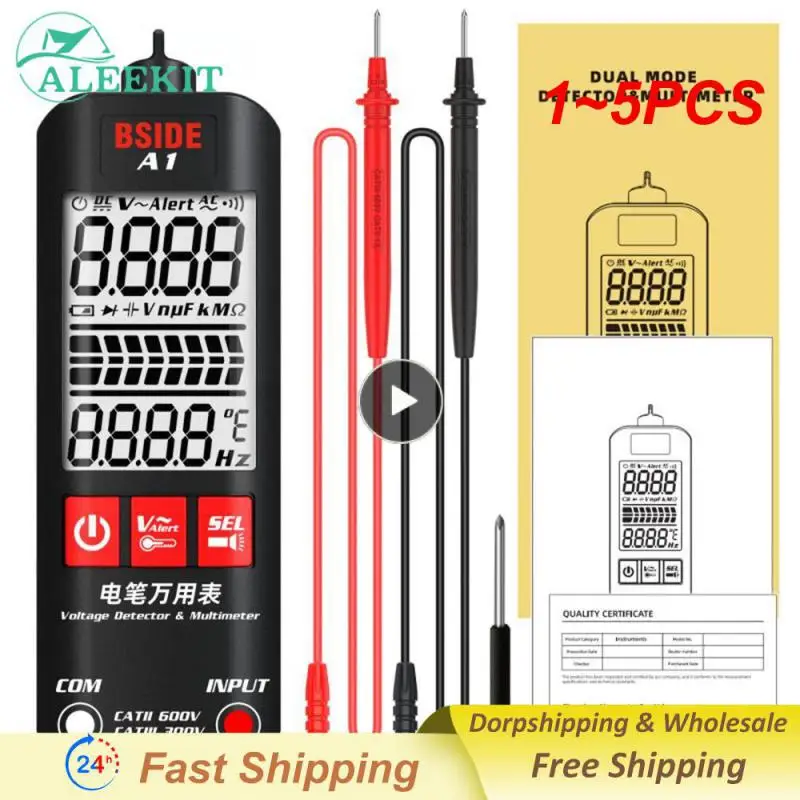 

1 ~ 5 шт. мини-мультиметр, автоматический интеллектуальный цифровой мультиметр с ЖК-дисплеем, мультиметр постоянного напряжения, Омметр, NCV Гц, тестер проводов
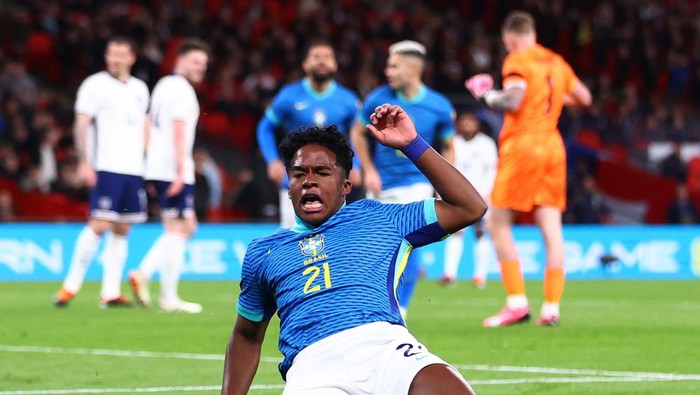 Soccer Football - International Friendly - England v Brazil - Wembley Stadium, London, Britain - March 23, 2024 Brazils Endrick celebrates scoring their first goal REUTERS/Carl Recine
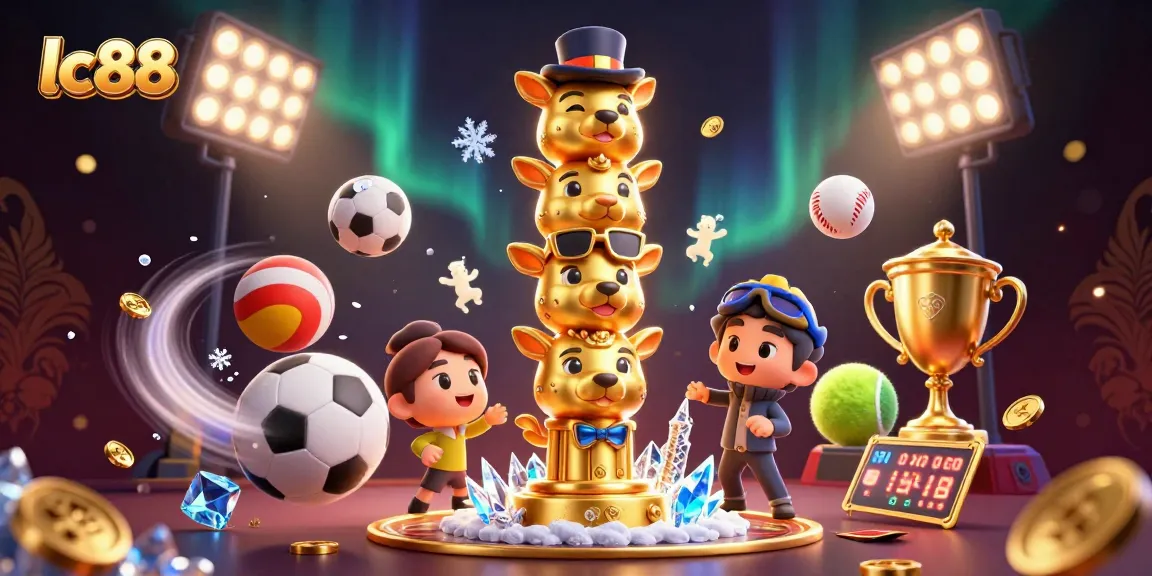 Betting on lc88 while enjoying a vibrant sports-themed casino illustration with golden elements.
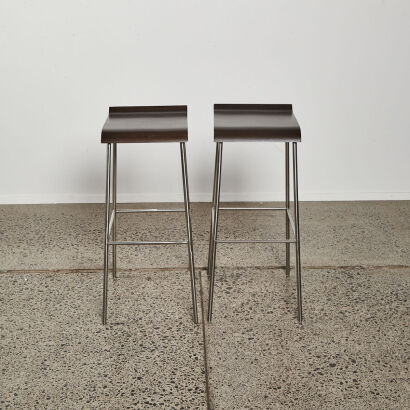A Pair Of Minimal Wood & Metal Barstools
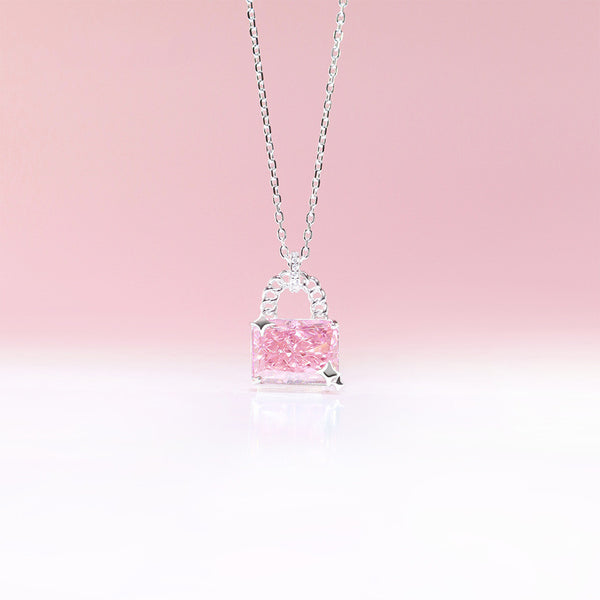 Pink Square Lock Necklace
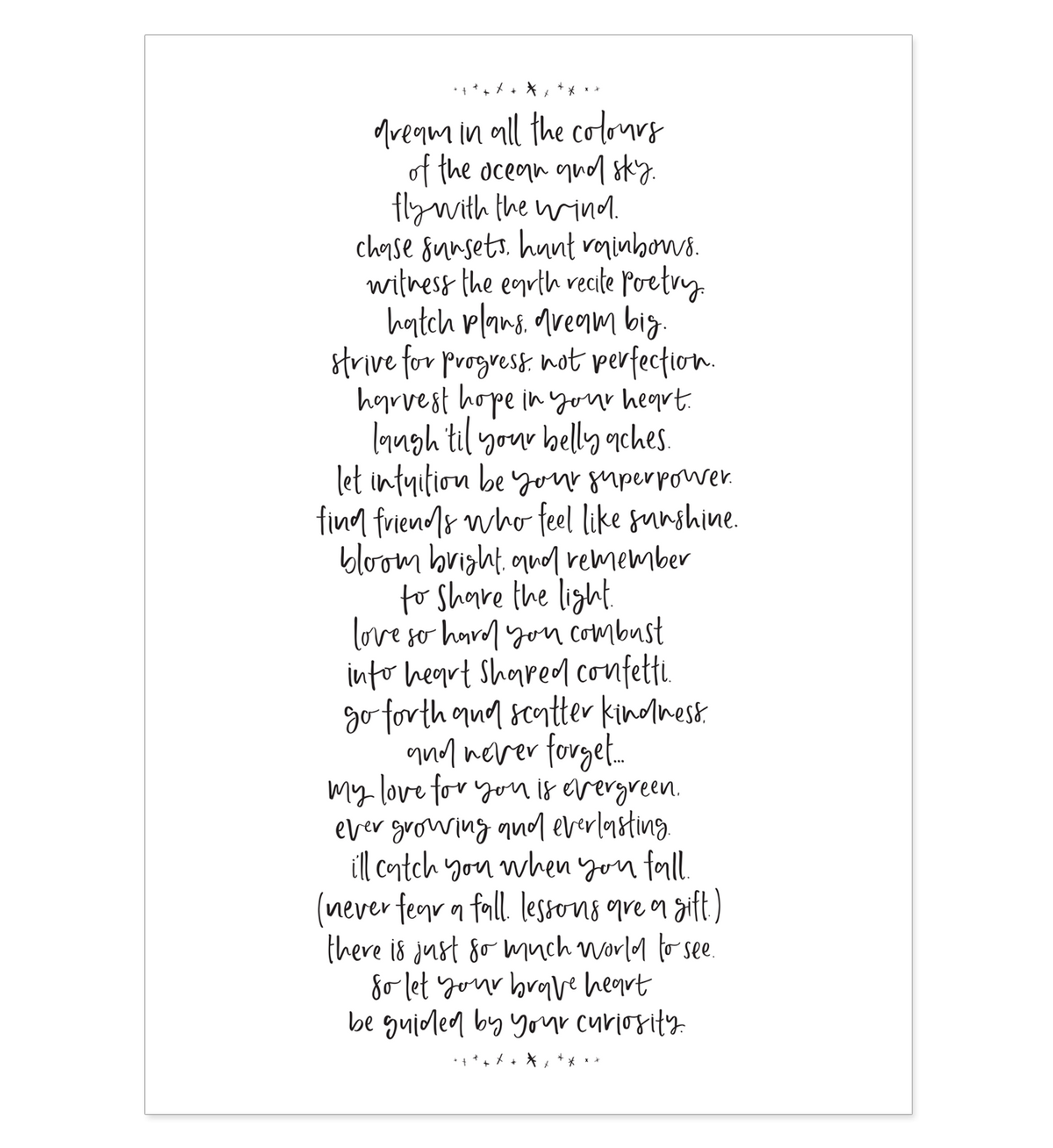 Emma Kate Co Dream In All The Colours A3 art print with rose foiled poem lettering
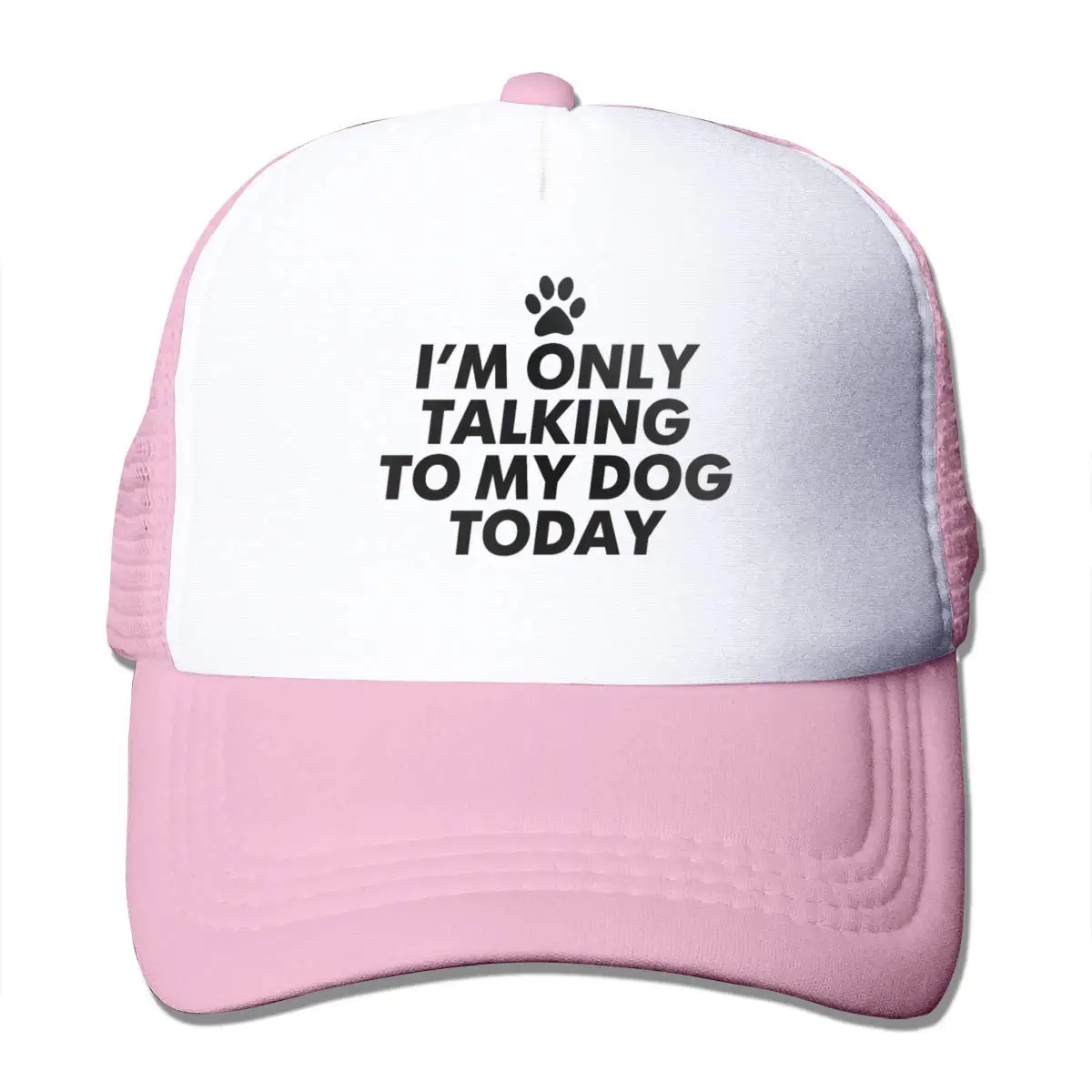 Сетчатая бейсболка с надписью «I M Only Talking to My Dog Today», унисекс, Кепка в Стиле Дальнобойщика розового цвета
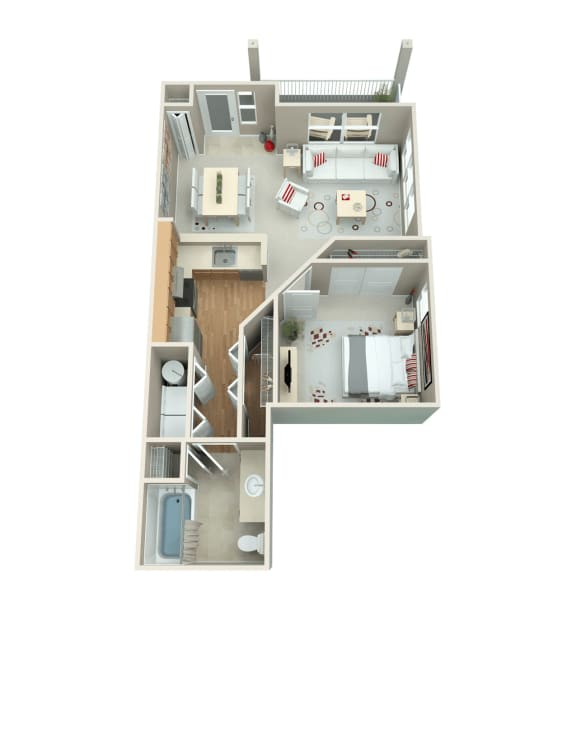 Floor Plan  Washougal, WA Lookout at the Ridge Apartments 1 bedroom 1 bath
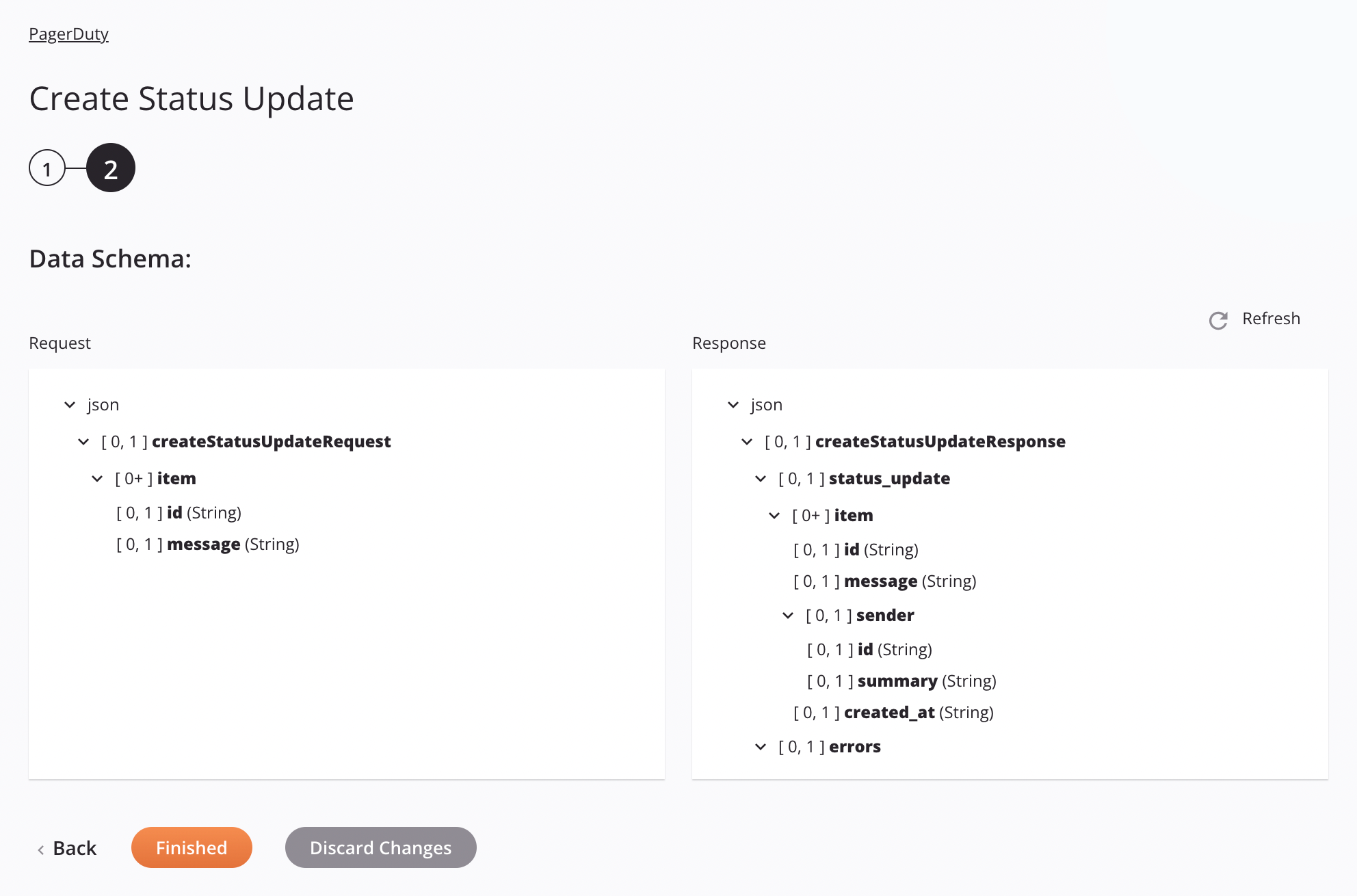 PagerDuty Create Status Update activity configuration step 2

******************************

■ PROBLEM DESCRIPTION
Each record is to be restated word for word; no picture goes in.

■ REPLY
1 ~ 5 шт. мини-мультиметр, автоматический интеллектуальный цифровой мультиметр с ЖК-дисплеем, мультиметр постоянного напряжения, Омметр, NCV Гц, тестер проводов
 Soccer Football - International Friendly - England v Brazil - Wembley Stadium, London, Britain - March 23, 2024 Brazils Endrick celebrates scoring their first goal REUTERS/Carl Recine
 Betting on lc88 while enjoying a vibrant sports-themed casino illustration with golden elements.
A Pair Of Minimal Wood & Metal Barstools
 Pink Square Lock Necklace
 Emma Kate Co Dream In All The Colours A3 art print with rose foiled poem lettering
 Сетчатая бейсболка с надписью «I M Only Talking to My Dog Today», унисекс, Кепка в Стиле Дальнобойщика розового цвета
 Floor Plan  Washougal, WA Lookout at the Ridge Apartments 1 bedroom 1 bath
 PagerDuty Create Status Update activity configuration step 2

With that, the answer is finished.